I try not to go into the District during the summer.
There is no parking, because it is all taken up by tourists.
Now, I think every American should visit their nation's capital (and capitol) at least once. It's a lovely place (okay, parts of it are lovely), and there is much historic, free stuff to do.
Having said that, I wish they wouldn't come in summer.
Yes, I know that it's school vacation, and traditional, and all those things. It's also the nastiest time of the year in the District. The weather is generally horrid, steamy and sweltering. Not as bad as Florida, where I spent twelve long years; people going to Florida in summer should be institutionalized, in my opinion. But in Florida, no one expects you to walk, and everything (including the outdoors at Disney's Ratville) is air conditioned.
Washington is a city designed to be walked in. Sidewalks abound, and the mall in downtown stretches for a couple of miles just begging to be walked. In springtime, the cherry trees bloom near the Tidal Basin, and some of the landscaping in bloom is simply magnificent. Walking through the blossoms is sublime. In summer, however, it is torturous to walk further than a block.
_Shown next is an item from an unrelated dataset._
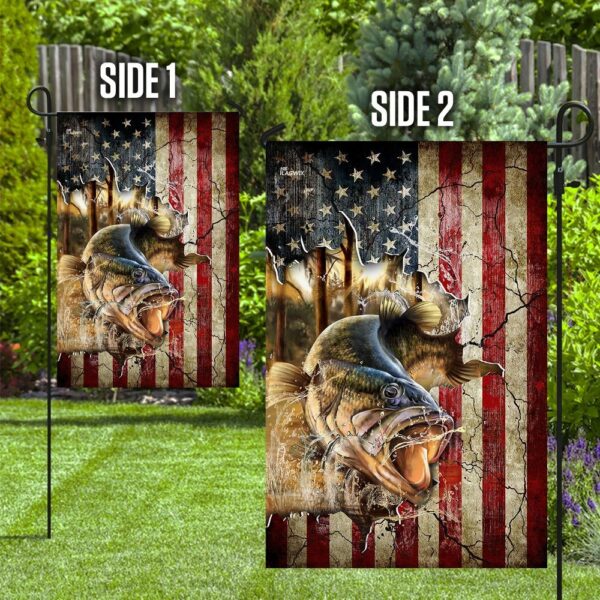 American Flag Bass Fishing Hat THN2120F: Patriotic Angler Gear - Image 10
Either it's like walking in a sauna, or if you're really unlucky, during the downpours that replenish the humidity, walking a block is grounds for punishment under the Geneva Conventions (if they apply here...).
Nobody expects you to actually walk anywhere during the summer in Dallas or Orlando or Phoenix or Oklahoma City. And Washington has that added non-benefit of having endless strings of tour buses rife with wandering schoolchildren and families all dressed in the same-color-t-shirts, Japanese tourists, groups of Hungarian Freemasons lurking about, Chinese government bureaucrats, all the world shows up in a big ugly bus. Buses that take up much than their fair share of parking space.
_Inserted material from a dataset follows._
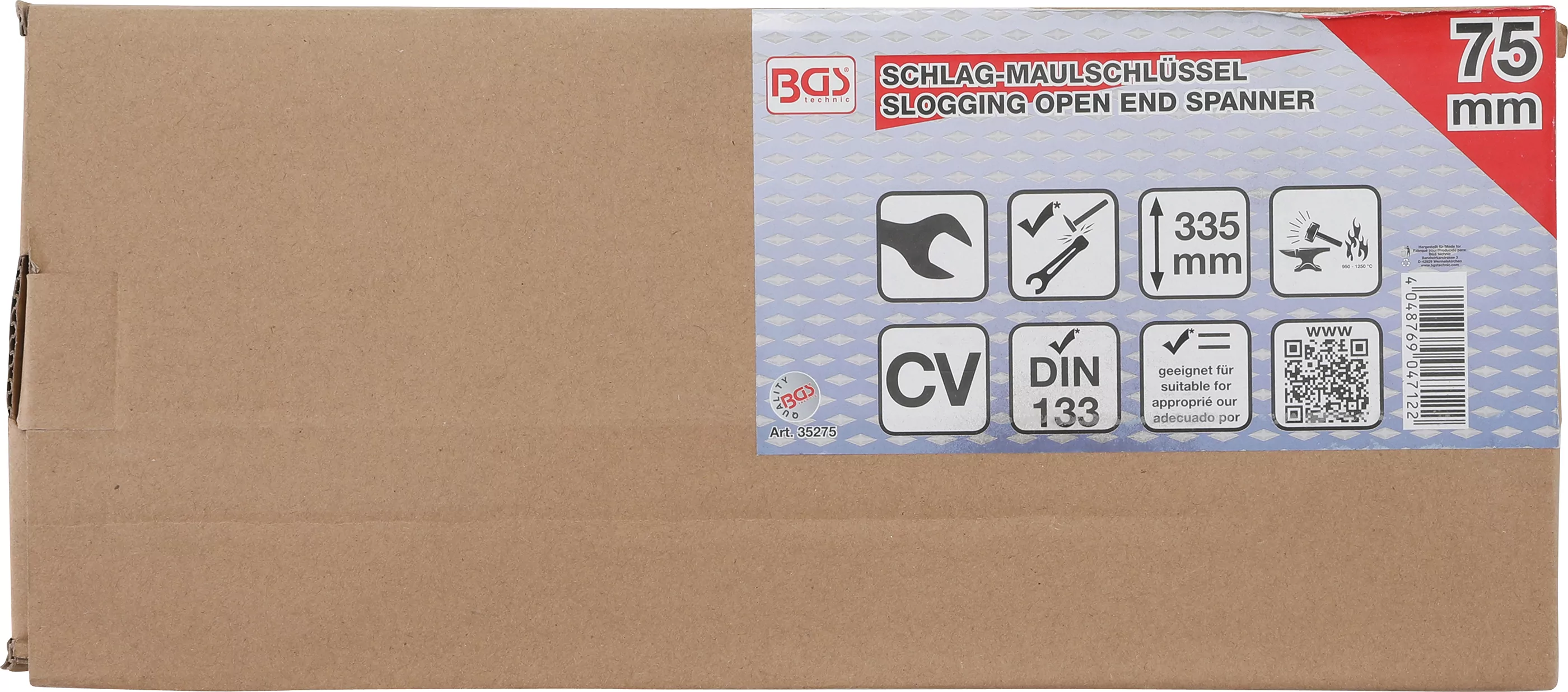 Schlag-Maulschlüssel | SW 75 mm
So, yesterday, I had to visit a government agency in their offices in the Ronald Reagan International Trade Center. The Reagan building is evidently on Osama's top ten list, because every time you park there, they open all your doors, your trunk (your tailgate if you're in a station wagon) and walk around your car with a mirror so they can see under your car's petticoats. And they charge you fifteen bucks for the privilege. When our company has deliveries there, our truck must go to a facility across town, be x-rayed, sealed with a lead seal, and then driven back across town into the Reagan building parking garage. That's the only way to get a truck into the building. It costs us approximately fifty bucks every time we deliver something there, just from the time and gas.
In deference to better judgment, I decided to go to one of the agency's outlying offices in Arlington and ride their shuttlebus back into the District. It's cheaper to pay for parking in Arlington than in the District, less stress, and more adventure.
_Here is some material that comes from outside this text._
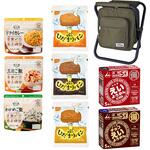 防災アソートセット一人分(パン+米類) スマイルスプーン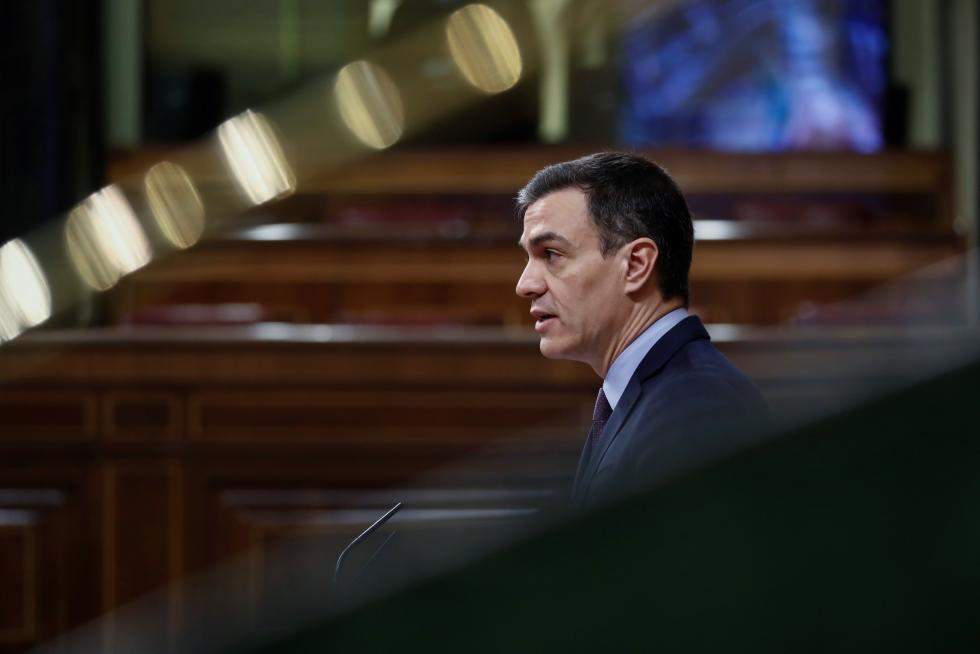 Pedro Sánchez explica en el Congreso el estado de alarma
Our shuttle driver had evidently taken driver's education in Nairobi before he left to seek his fortune. His throttle had only two positions; full open or completely closed, and he varied between those two positions at a shocking pace. He nearly took out a couple of cars attempting to parallel park, then rushed onto the freeway, changing lanes with abandon.
When we came across the 14th Street Bridge, and headed north toward the Reagan building, he felt the obligation to blow his horn at the cars ahead of us for no obvious reason. I'm believing that this is a discipline taught in The Nigerian Driving Academy. As we stopped at the corner of 14th and Constitution Avenue, I noticed a throng of sweaty, well dressed people standing near the entrance into the Washington Monument. I didn't see many buses around the neighborhood. We proceeded up 14th Street to Pennsylvania Avenue, and across the street from the Washington city hall, the entire generous median strip (truly it's twenty or thirty feet wide) was packed with more well-dressed, sweaty people.
It occurred to me then that the only good explanation was that these were escapees from the Reagan building. And indeed, as we pulled up on the east side of the building at the bus stop, we were met by personnel of a variety of agencies, all escaping the fire alarm bells we could hear in the distance.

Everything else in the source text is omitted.